There may be licensing and permitting requirements to open a hardware store in your area, so you’ll need to check the local laws and pay the necessary fees if applicable. Depending on the area your business resides, there may be some small business insurance requirements to consider, too. Most states require employers to have worker’s compensation insurance and the federal government requires unemployment insurance if employees lose their jobs due to layoffs. Several states, including New York and California, mandate that employers provide short-term disability coverage as well. In addition, if your hardware store has 50 or more employees you will need to provide health insurance or you’ll be subject to a steep penalty.

Other types of small business insurance you may consider when opening a hardware store can include commercial property insurance to provide coverage for any damage to the property, equipment and inventory. You may or may not be required to get general liability insurance depending on your state. This type of insurance can provide coverage if any customers get hurt on the property and may be necessary to have to receive some business permits and property leases. Business interruption insurance can also be a good option as it helps cover any income that was lost during a temporary shutdown.

6. Apply for an EIN

When you open your own business, you may also need to apply for an Employer Identification Number (EIN) for taxes. This nine-digit number allows the IRS to track your business activity and is required for any employer who pays one or more employees. You can use your EIN to keep your business and personal accounts separate by obtaining a business bank account which can also help protect against fraud. You can apply for your EIN through the IRS for free.

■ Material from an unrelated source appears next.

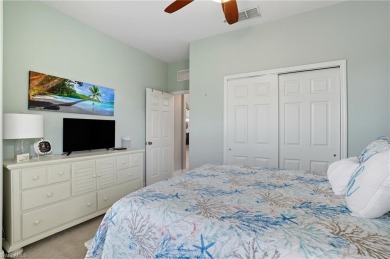 A truly beautifully reimagined 3-bedroom + den, 2.5-bath on  in Florida - for sale on GolfHomes.com, golf home, golf lot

7. Open a business bank account

When you open your hardware store, it’s important to separate business and personal expenses. To do so, you can open a business bank account. Some banks may not allow you to use personal accounts for any business transactions so having a business bank account is essential. And unlike personal accounts, a business bank account lets you order debit cards for your employees. Be mindful that business bank accounts may be quite strict when it comes to account balances and can also come with monthly fees.